**TASK DETAILS**. Your task is to copy the lines from the line containing "心境开阔时 会觉得整个世界都值得被原谅 好似为了证明" through the end of the listing below, both included, without any pictures.

**EXERCISE DATA**.
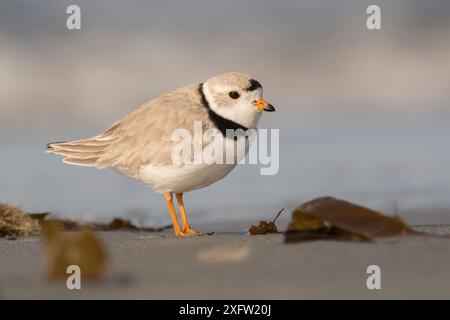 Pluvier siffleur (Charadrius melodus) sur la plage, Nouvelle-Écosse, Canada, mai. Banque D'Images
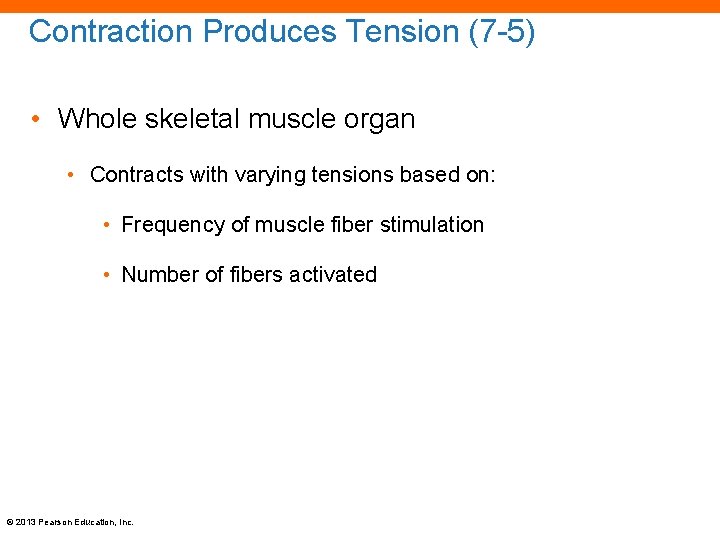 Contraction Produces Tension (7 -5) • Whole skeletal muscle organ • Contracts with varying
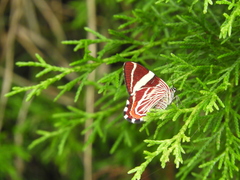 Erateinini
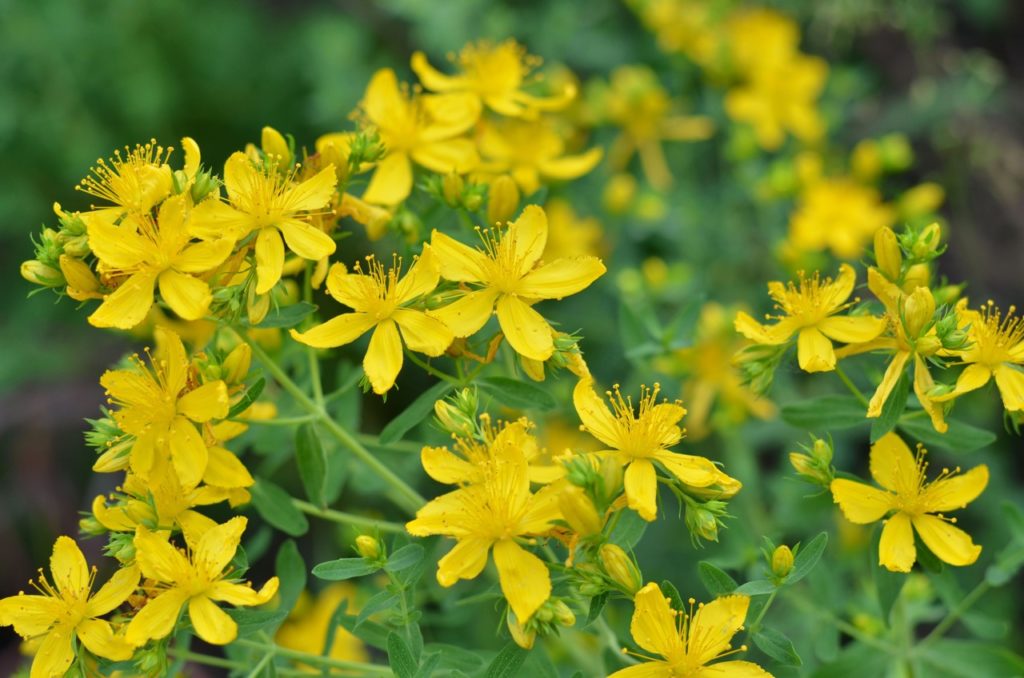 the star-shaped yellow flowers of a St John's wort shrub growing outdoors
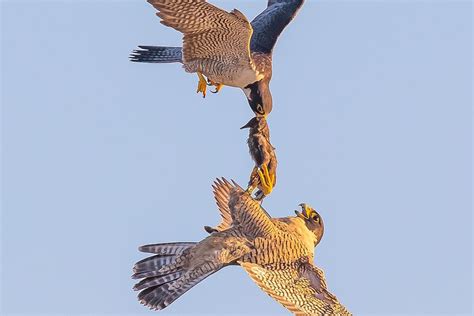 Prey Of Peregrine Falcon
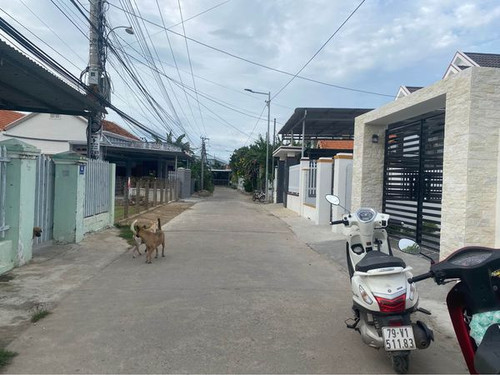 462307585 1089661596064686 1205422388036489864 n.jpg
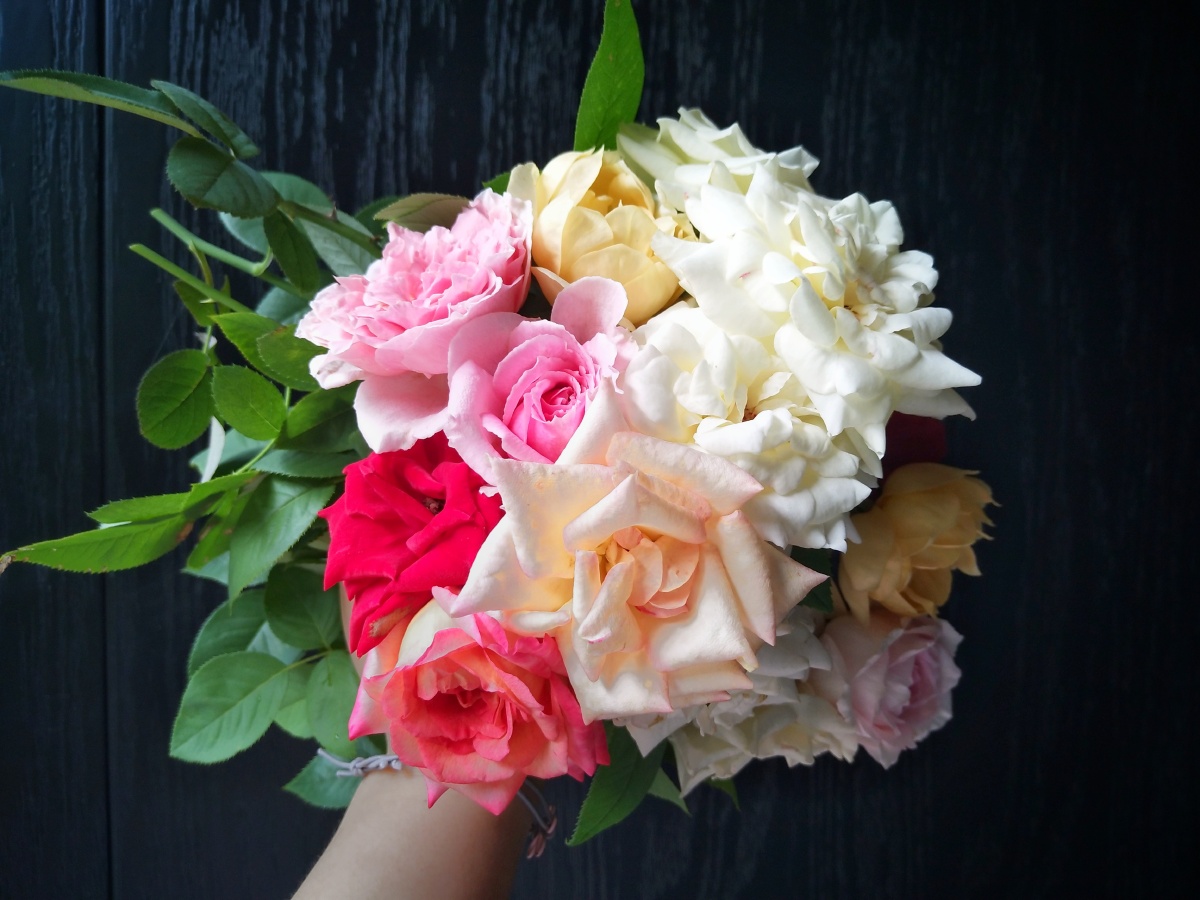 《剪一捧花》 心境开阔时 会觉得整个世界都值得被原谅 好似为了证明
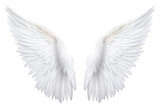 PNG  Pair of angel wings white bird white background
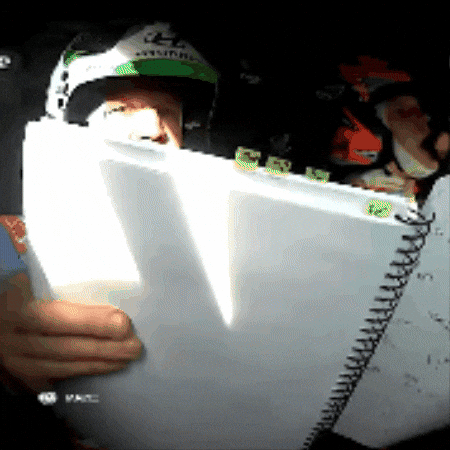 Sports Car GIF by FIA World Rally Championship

**RESPONSE TO THE EXERCISE**.
 《剪一捧花》 心境开阔时 会觉得整个世界都值得被原谅 好似为了证明
 PNG  Pair of angel wings white bird white background
 Sports Car GIF by FIA World Rally Championship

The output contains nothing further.